Vincent van Gogh en couleur

 

Vous avez lu l’histoire de Vincent Van Gogh ? Comment il vécut. Comment il est mort ? Paul Cox nous la raconte dans un film émouvant. En salles le 4 juin.

 

Au prime abord, la voix off en anglais, les reconstitutions historiques, des rues malfamées d’Amsterdam au Paris de la Belle Époque (1879-1914) en passant par la vie rurale du Midi, ainsi que les plans fixes de paysages peuvent surprendre, certes. Ceci dit, la gêne liminaire s’estompe rapidement face à la beauté des toiles défilant à l’écran. Aux séquences filmées dans la nature hollandaise succèdent des gros plans sur les dessins, puis les toiles de Vincent van Gogh (1853-1890) que l’on redécouvre sous un jour nouveau. Un tableau vendu sur les 2 000 œuvres produites par ce génie incompris en son temps ! Une injustice que souligne le réalisateur hollandais Paul Cox, dans un long-métrage inspiré de la fameuse correspondance qu’entretint van Gogh avec son frère Théo, de 1872 jusqu’à sa mort. Une correspondance à sens unique, semble-t-il, puisque c’est la voix du peintre en mal d’affection qui domine jusqu’à la fin, ou plus exactement la voix du comédien anglais John Hurt lisant les lettres de ce dernier. Produit de concert avec le Musée Kröller-Müller (Otterlo), le Rijksmuseum (Amsterdam), le Musée Van Gogh (Amsterdam) et le Musée d’Orsay (Paris), ce film brosse donc le portrait d’un artiste acharné, écorché et profondément humain. Lumineux.

 

Entre ombre et lumière

L’adjectif s’applique aussi à van Gogh. Resté dans l’ombre de son vivant, le peintre vouait un véritable culte aux couleurs ; de même que les Impressionnistes dont il se rapproche vers la fin des années 1880. Si le jeune Vincent se destinait à une carrière de pasteur, sa foi se loge progressivement dans sa palette ; comme si le rouge, le bleu et le jaune – attribué à ses célèbres tournesols – le condamnaient à atteindre la lumière blanche du Seigneur, cette lueur d’espoir éclairant le tunnel de sa sombre existence. Malgré tout l’amour qu’il porte en lui – pour son frère, sa cousine indifférente ainsi que l’ensemble de l’humanité – le coloriste zêlé finit par succomber à la mélancolie, à cette bile noire dont on entend scander le nom tout au long de la projection.

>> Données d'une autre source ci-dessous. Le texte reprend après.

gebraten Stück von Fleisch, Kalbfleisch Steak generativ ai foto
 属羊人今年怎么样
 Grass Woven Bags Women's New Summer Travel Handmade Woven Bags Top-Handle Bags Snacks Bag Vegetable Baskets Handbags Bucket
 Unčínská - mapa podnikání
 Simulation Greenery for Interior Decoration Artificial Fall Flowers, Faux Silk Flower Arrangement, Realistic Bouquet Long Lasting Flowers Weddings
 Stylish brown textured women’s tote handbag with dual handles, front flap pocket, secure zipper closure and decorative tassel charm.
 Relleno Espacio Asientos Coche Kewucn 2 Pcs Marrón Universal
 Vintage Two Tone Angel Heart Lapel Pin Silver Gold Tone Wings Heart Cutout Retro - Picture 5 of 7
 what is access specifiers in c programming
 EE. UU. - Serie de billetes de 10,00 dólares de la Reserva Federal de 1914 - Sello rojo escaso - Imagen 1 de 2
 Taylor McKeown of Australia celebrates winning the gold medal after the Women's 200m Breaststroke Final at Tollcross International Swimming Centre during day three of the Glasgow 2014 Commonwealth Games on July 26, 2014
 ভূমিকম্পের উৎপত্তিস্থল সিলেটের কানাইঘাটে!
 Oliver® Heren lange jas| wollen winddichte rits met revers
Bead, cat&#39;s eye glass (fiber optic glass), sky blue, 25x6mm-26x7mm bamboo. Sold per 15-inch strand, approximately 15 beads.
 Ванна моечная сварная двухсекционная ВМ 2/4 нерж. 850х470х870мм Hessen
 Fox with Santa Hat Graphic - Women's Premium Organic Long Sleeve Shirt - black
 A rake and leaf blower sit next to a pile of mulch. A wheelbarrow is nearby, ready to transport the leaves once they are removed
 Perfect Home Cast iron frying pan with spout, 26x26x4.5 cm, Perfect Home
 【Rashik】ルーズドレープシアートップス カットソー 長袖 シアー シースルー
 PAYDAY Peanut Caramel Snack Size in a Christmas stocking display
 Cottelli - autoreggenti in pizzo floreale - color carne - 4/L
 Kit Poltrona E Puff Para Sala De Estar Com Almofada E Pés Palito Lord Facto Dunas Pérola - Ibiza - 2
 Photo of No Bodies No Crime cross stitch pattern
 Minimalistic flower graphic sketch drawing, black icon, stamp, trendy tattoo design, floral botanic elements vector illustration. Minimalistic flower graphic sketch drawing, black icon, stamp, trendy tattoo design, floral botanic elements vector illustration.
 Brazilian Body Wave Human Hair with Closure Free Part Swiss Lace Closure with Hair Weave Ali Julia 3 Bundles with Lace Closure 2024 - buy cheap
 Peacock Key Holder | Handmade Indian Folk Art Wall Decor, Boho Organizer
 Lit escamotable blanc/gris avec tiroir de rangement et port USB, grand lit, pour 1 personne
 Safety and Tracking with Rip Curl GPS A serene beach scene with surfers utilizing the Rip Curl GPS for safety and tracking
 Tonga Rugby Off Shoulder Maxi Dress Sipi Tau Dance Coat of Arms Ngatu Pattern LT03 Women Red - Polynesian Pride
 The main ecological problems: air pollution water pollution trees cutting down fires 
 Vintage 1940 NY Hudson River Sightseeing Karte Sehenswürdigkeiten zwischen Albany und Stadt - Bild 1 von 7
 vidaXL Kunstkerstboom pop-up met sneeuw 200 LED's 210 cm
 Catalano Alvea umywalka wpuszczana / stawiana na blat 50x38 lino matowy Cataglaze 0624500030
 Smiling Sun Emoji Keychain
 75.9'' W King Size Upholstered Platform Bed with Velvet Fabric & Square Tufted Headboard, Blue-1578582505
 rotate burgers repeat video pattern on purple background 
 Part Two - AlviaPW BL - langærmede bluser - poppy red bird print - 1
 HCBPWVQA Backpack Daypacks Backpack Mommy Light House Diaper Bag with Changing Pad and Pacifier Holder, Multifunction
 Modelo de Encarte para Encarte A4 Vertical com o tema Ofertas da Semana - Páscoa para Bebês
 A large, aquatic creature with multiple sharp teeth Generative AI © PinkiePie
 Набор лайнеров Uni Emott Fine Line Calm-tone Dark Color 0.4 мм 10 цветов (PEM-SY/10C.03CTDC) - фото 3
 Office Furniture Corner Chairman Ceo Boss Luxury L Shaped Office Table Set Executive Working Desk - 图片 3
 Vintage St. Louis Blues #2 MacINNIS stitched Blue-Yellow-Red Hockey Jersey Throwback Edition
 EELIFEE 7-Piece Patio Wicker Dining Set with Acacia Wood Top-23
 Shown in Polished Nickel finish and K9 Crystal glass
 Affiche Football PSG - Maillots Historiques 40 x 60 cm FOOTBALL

Toutefois, le film de Cox présente l’artiste torturé sous son meilleur jour. Les lettres sélectionnées ne laissent transparaître aucun signe d’instabilité mentale. Rien n’est dit, ou presque, des tensions l’opposant à Paul Gauguin (1848-1903). C’est pourtant au terme d’une violente dispute avec ce dernier (1888) que van Gogh se serait tranché le lobe d’oreille gauche avant d’être admis à l’hôpital psychiatrique le plus proche. Enfin, pas sûr qu’un spectateur naïf, ignorant tout de la vie du peintre, comprenne l’allusion à son suicide dans le coup de feu final. Ainsi s’éteint pourtant l’artiste mal-aimé… en une étincelle.

 

« Vincent. La vie et la mort de Vincent van Gogh », un film de Paul Cox, avec la voix de John Hurt.